**Task instructions**. Output exactly the lines of the listing below that run from the line with "2290934 Кронштейн амортизатора" through the line with "Born To Protect T-Shirt". No pictures.

+++ Data

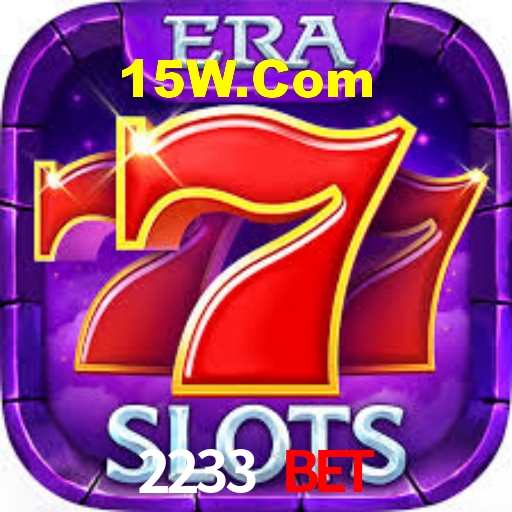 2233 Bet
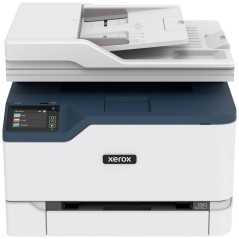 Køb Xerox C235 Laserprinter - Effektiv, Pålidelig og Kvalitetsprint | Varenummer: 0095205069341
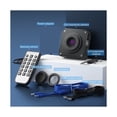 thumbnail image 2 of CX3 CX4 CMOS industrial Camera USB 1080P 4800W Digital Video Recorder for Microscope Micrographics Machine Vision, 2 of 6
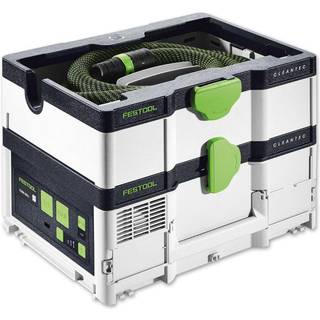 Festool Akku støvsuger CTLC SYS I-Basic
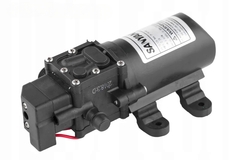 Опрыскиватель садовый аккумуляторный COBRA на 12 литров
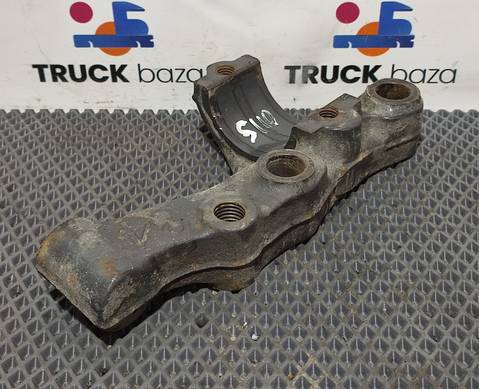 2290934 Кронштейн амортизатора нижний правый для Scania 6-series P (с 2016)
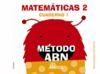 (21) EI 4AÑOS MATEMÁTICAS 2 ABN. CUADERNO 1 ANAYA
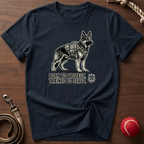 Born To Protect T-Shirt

++++++
+++ Data

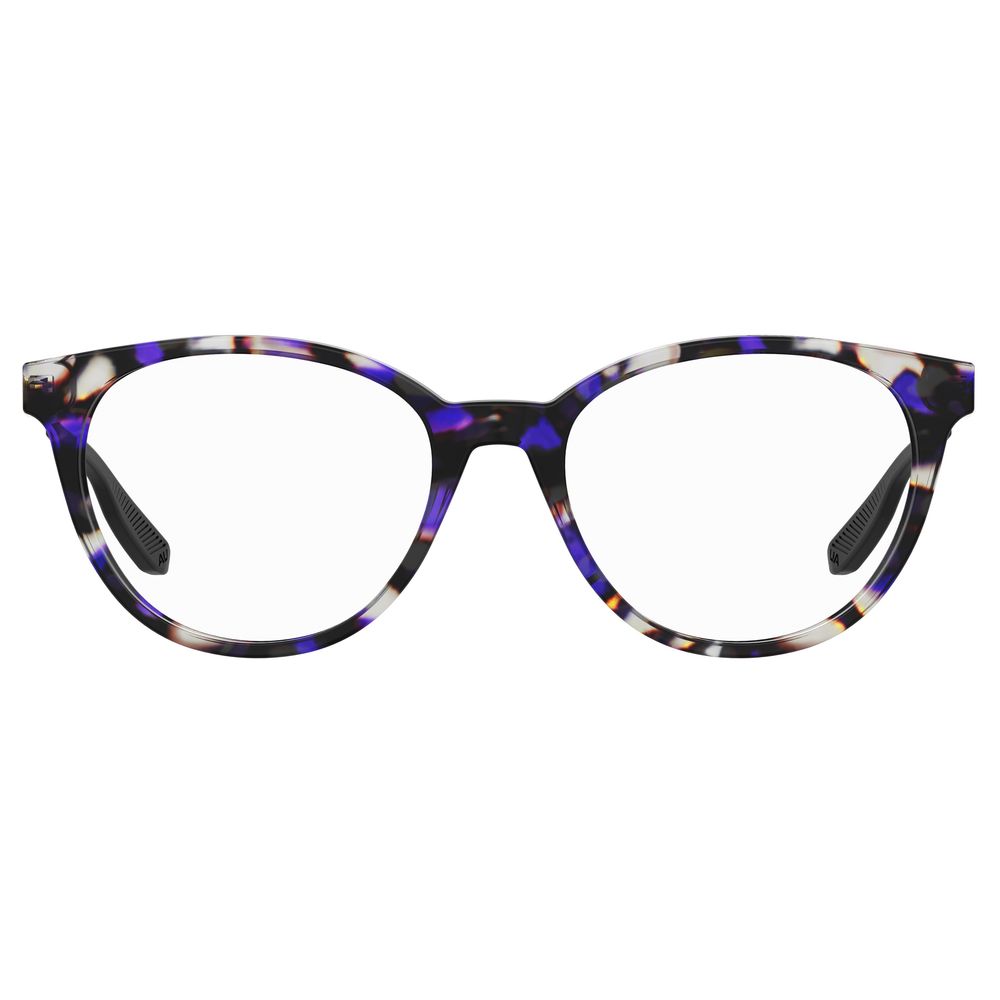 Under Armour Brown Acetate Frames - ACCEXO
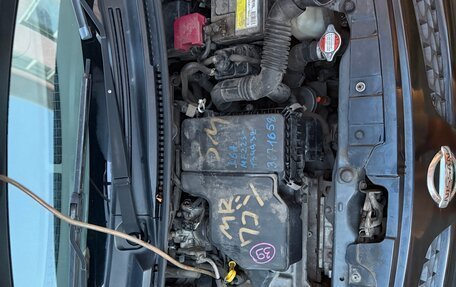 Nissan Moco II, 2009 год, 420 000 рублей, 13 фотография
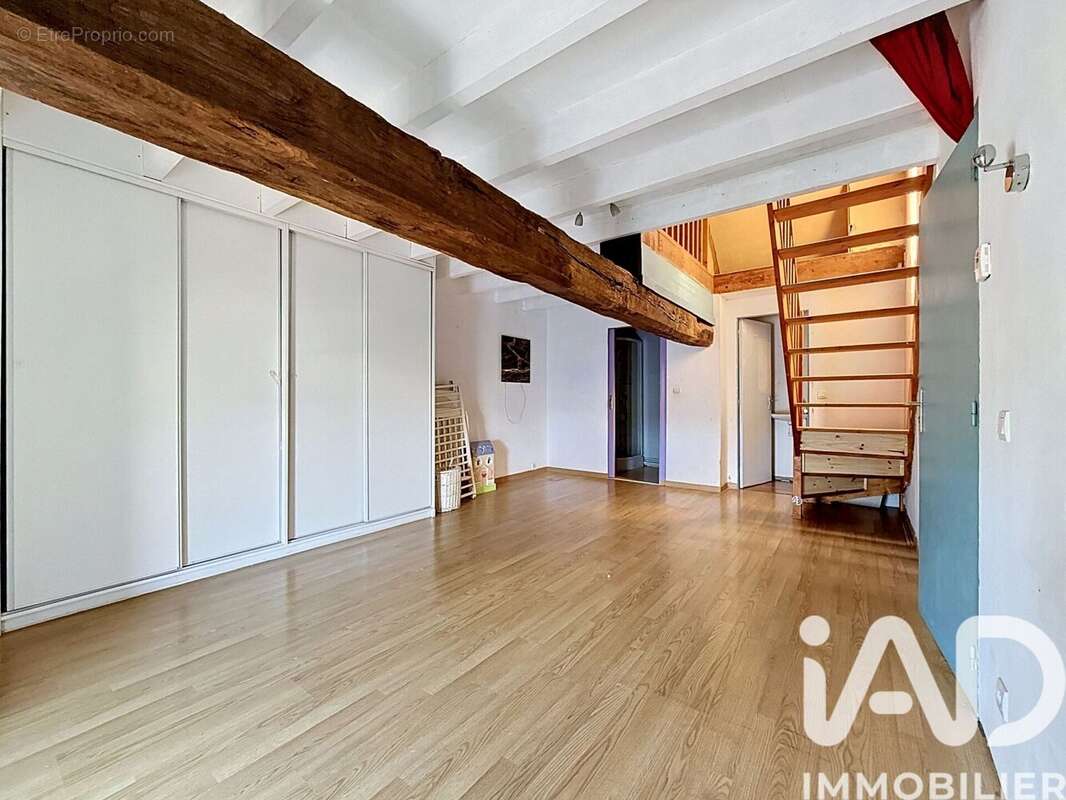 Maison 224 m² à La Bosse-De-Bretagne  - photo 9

++++++

**Finished exercise**.
 2290934 Кронштейн амортизатора нижний правый для Scania 6-series P (с 2016)
 (21) EI 4AÑOS MATEMÁTICAS 2 ABN. CUADERNO 1 ANAYA
 Born To Protect T-Shirt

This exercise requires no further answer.